The term ‘duplicate content’ alludes to pieces of information that appear in multiple locations online. For years, many in the search engine optimization industry have been believing that this form of content adversely affects search rankings. Even you might have thought so in the case you have been part of an SEO training Ernakulam based institute.
However, the recent revelation of Google’s Senior Webmaster Trends Analyst, John Mueller, is that it is not one of the ranking factors. That is to say, the same piece of information across multiple webpages would not make a website rank lower on Google search results.
As for Mueller, it is common for websites to have some duplicate content. Google algorithms are made to deal with it. While Mueller touched upon this matter recently, it was brought up once more in Google Search Central office-hours held on January 2020 last week.
It is one of the topics that often pop up amongst search engine optimization professionals. Moreover, several providers of the best SEO packages check for duplicate content when they audition websites. They have all seemed to have believed the notion that it affects the rankings.
The myth has been dispelled, thanks partly to an automobile businessman who asked about it to Mueller during the program. That person has an auto parts website where the component descriptions are repeated in more than one place. He wanted to know whether that would have a negative effect on search results.
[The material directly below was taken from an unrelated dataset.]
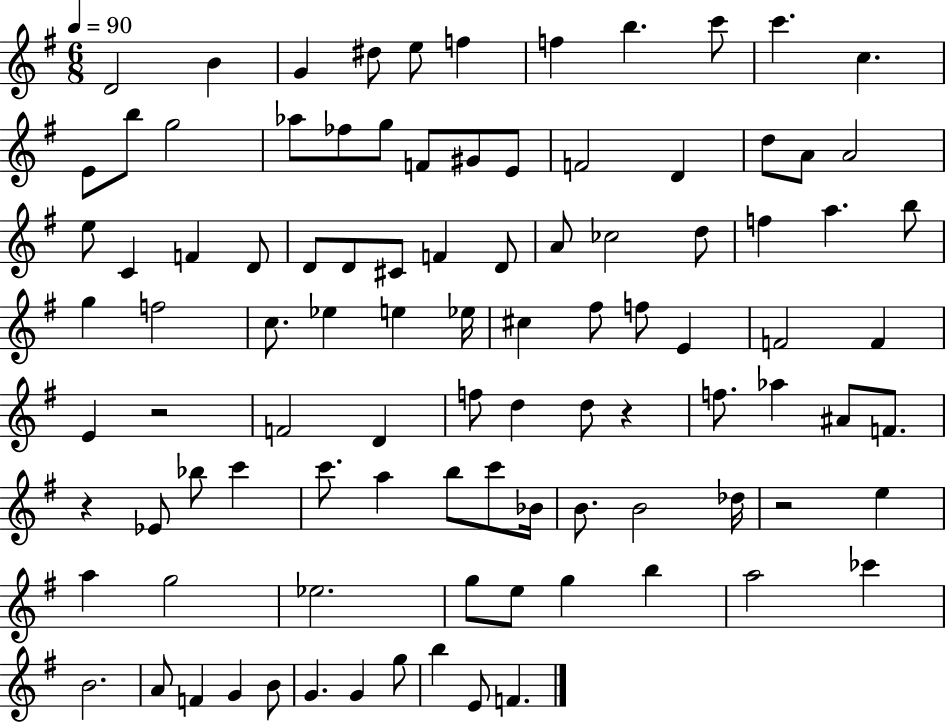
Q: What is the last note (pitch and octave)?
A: F4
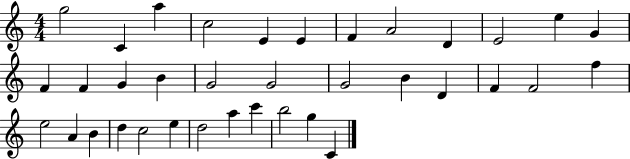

While duplicate webpages may bloat a website and eat into crawl budget, that is an altogether different matter. Mueller did not discuss that during the recent event.
When content sections are being repeated right through a website, like the footer or header, Mueller confirms that it would not send any negative search ranking signals. To exemplify how common duplicate content possibly is, he gave examples that users would always come across.
You would see the same type of content pretty much everywhere when shopping for products or services online. It is normal for online sellers to offer the same item, so the product webpages may share the same information to a large extent.
Google will not interpret the negative signals that come through crawling an item’s description appearing somewhere else on a different retailer’s website. While website footers are technically duplicate content, said Mueller, it is also not an issue in the case of search rankings.